The United States Tax Court is reminding some taxpayers to run their family like a business. In the Estate of Barbara M. Purdue decision, the court affirmed the use of discounts in an estate tax dispute involving a family partnership, which was critical to minimizing the estate’s tax liability. Most importantly, the court affirmed the use of discounts because the family actually treated the partnership like a business.
While taxpayers and tax practitioners wonder what will come of the IRS’s threat to disallow discounts under this method of estate planning, this case is a good reminder to taxpayers that they should follow through with all the steps of their family partnership based estate plan if they want it to be effective. A plan on paper alone will not cut it.

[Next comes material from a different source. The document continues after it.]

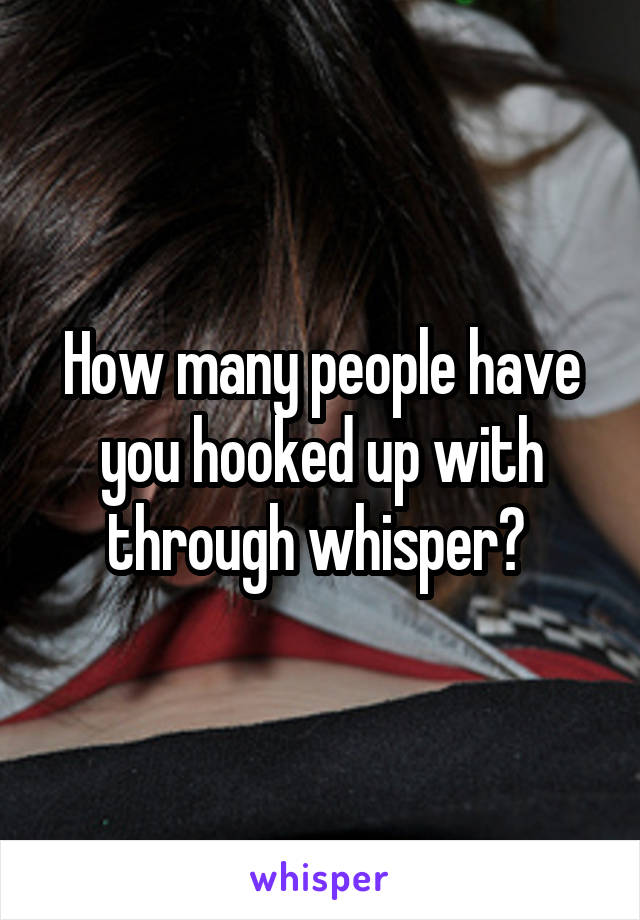 How many people have you hooked up with through whisper?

The court in the Estate of Barbara M. Purdue cited to several actions taken by the family that proved the family partnership was formed for a nontax reason—to consolidate and manage the family’s investments. To start, the partnership formalities were respected: The decedent maintained assets outside of the partnership to pay for living expenses, the partnership had its own bank accounts, and she did not comingle her assets with the partnership’s assets. Further, the five children ran the business like a business. The Purdue children held an initial partnership meeting and agreed to hire a professional management advisory firm and to hold annual meetings. At the meetings, the children discussed the family’s accounts and assets, approved distributions, heard presentations from the investment manager, and received estate tax planning updates and advice.
All families already managing or considering managing their assets under this type of estate plan should take note; the court barely mentioned the formal planning documents in this case. Although such documents are important, planning does not stop after the documents have been signed.